Friday, February 18, 2011

Webinars, Webexes and other Webbed Presentations

In the last few weeks I've decided to jump into the deepend of the webinar pool. I've helped produce three webinars now.  The one on H1N1 was particularly fun.  At first, I found that it was a really cool, new media that plays to a very diverse audience.  This week, however, I realized that the "new" word doesn't apply.

There are dozens upon dozens of companies doing webinars.  For those of you who haven't gotten your webinar doctorate yet, a webinar, Webex or online presentation is basically a PowerPoint presentation given over the computer. It can be on any subject and there is a webinar on just about everything out there, from rocket science to science fiction. What's great is that it has an unfettered potential for reach.

Here are some of the traits the best webinars have in common:
1. They don't just  read the slide (this one applies to any presentation).
2. They use fun graphics, humor and charts to make it as visual as possible.
3. They have a theme and an outline.  Nobody likes to listen to someone rambling.
4. They give critical information and not just a sales pitch of where to pay for critical information.
5. Most important, there is call to action and follow-up. 

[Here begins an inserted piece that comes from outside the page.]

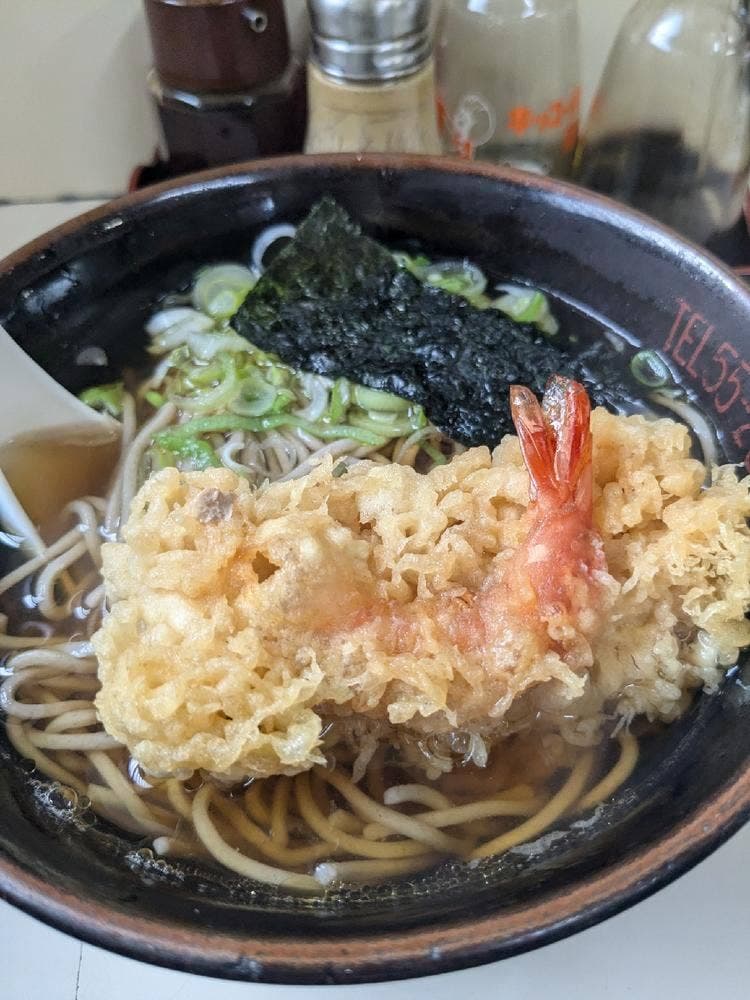 多賀部食堂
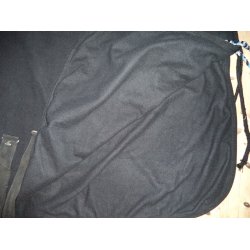 HH fleecedkken, str 135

Here are some of the worst traits of webinars I've seen:
1. They start slowly.  Start with a bang or else your audience is already checking their inbox.
2. The speaker isn't flexible enough to make it interactive.  Don't just answer questions at the end, use questions.
3. Roll with it.  If a slide doesn't advance or if there's an issue, just keep going.  If you spend a whole minute stopped, trying to figure out the program, you've lost your audience.
4. Practice. Show the presentation to an internal audience so if you stumble it's not in front of possible clients.
5. Energy, energy, energy.  Your audience can't see you.  The only way for them to stay engaged is through your energy and passion.